L’indépendance et les audaces de son esprit lui valurent plus d’ennemis encore que la versatilité de son humeur. Quand on se reporte au temps où parurent les Reisebilder, au régime de compression et de tutelle policière que M. de Metternich fit peser sur l’Allemagne entre 182 0 et 1830, il est aisé de comprendre que ce livre ait fait époque. On chantait alors aux peuples, pour les endormir, ce que Heine appelait « la vieille chanson des renoncemens. » Un coq à demi gaulois, battant l’aile, dressant sa crête, poussa tout à coup ce cri perçant qui chasse la nuit ; tous les paillers d’alentour le répétèrent, et l’on vit les peuples allemands, mal endormis, remuer dans leurs grands berceaux. De ce jour, Heine fut suspect à tous les gouvernemens de son pays comme à la diète de Francfort ; prose ou vers, la censure s’acharna sur ses livres, elle y trouvait partout quelque chose à rogner ou à tailler.
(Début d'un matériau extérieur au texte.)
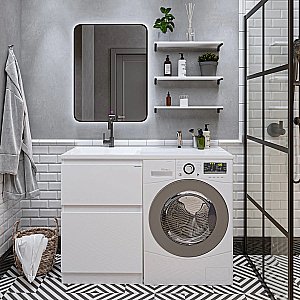 Тумба с раковиной Grossman Марсал 120 белая для ванной в интернет-магазине Sanbest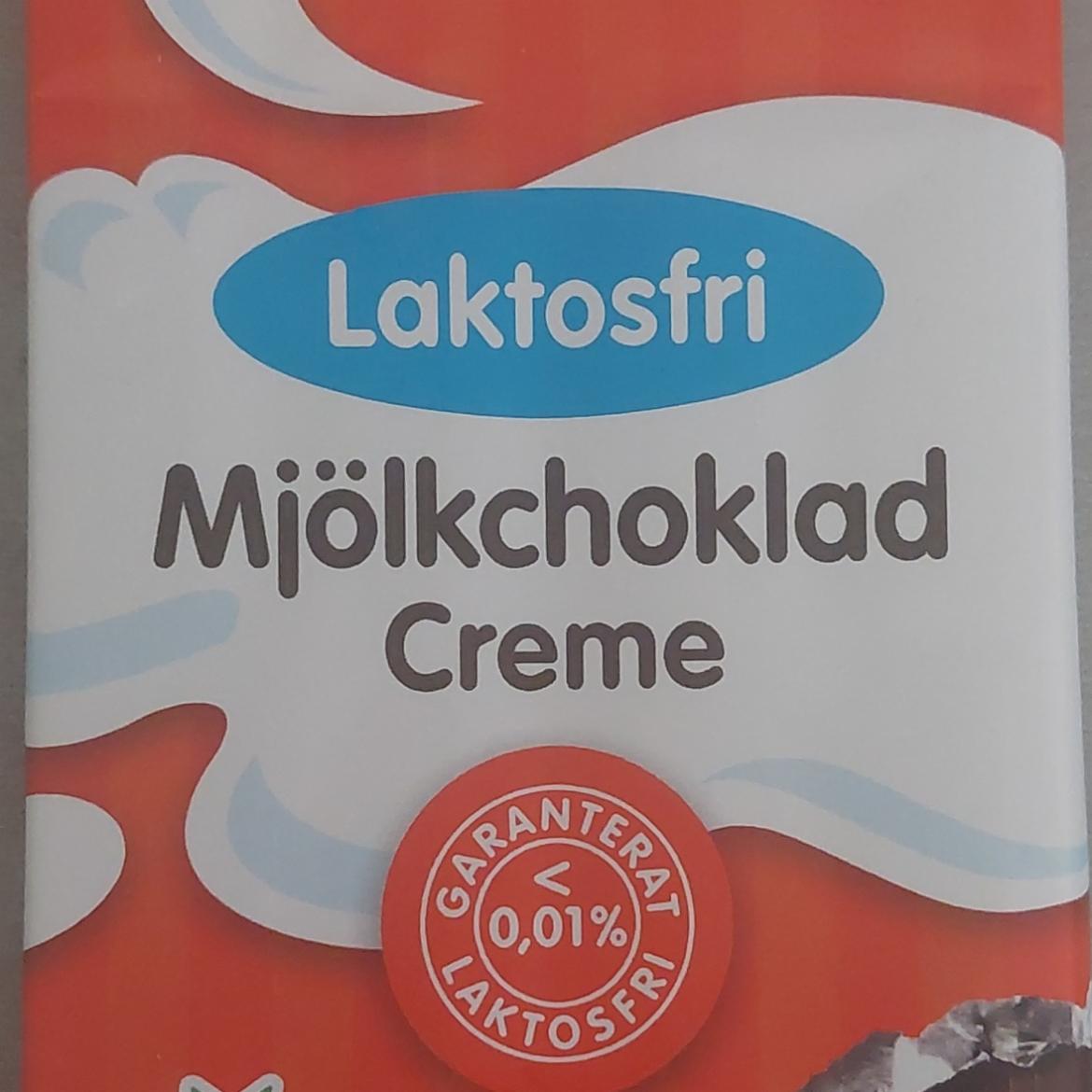 Fotografie - Mjölkchoklad Creme Laktosfri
Cela n’empêcha pas le coq de chanter et de se faire entendre ; il s’était réfugié en lieu sûr, on ne pouvait l’étrangler.

Mais les libéraux, qui l’avaient acclamé comme l’apôtre des idées nouvelles et d’un évangile de liberté, ne l’admirèrent pas longtemps sans réserve. On se prit à douter de sa vocation apostolique et de la solidité de ses convictions ; il avait trop de gaîté pour un prêcheur, trop d’esprit pour un tribun. Les teutomanes lui reprochaient d’aimer passionnément la France et le grand empereur. Wolfgang Menzel, « qui croquait tous les jours au moins une demi-douzaine de Français, et finissait ses repas en avalant un juif pour se rincer la bouche, » le dénonçait comme un patriote douteux, comme un impie détracteur des vieilles vertus germaniques. La jeune Allemagne, après l’avoir proclamé son chef, ne tarda pas à se brouiller avec lui. La démocratie lui plaisait, il goûtait peu les démocrates, et il exigeait que l’athéisme fût de bonne compagnie. Il éprouvait une invincible aversion « pour le règne des justes et des sots en littérature, pour les inepties vertueuses, pour les grandes convictions qui bredouillent, pour les poètes qui font des muses les vivandières de la liberté et qui n’ont eux-mêmes aucune liberté d’esprit, pour les philistins de la démagogie, dont la vieille queue est mal cachée sous leur bonnet rouge, pour toute la race des insectes enragés, bourdonnant avec colère et distillant sur le nez des despotes leur petite fiente de mouche. » Il ne voulait et ne pouvait être d’aucun parti, il ne consentait pas à se laisser encadrer. Au génie de l’ingratitude et de l’irrévérence il joignait la fureur de l’indiscipline, et son merveilleux bon sens autant que son imagination fantasque l’empêchaient de se donner à personne.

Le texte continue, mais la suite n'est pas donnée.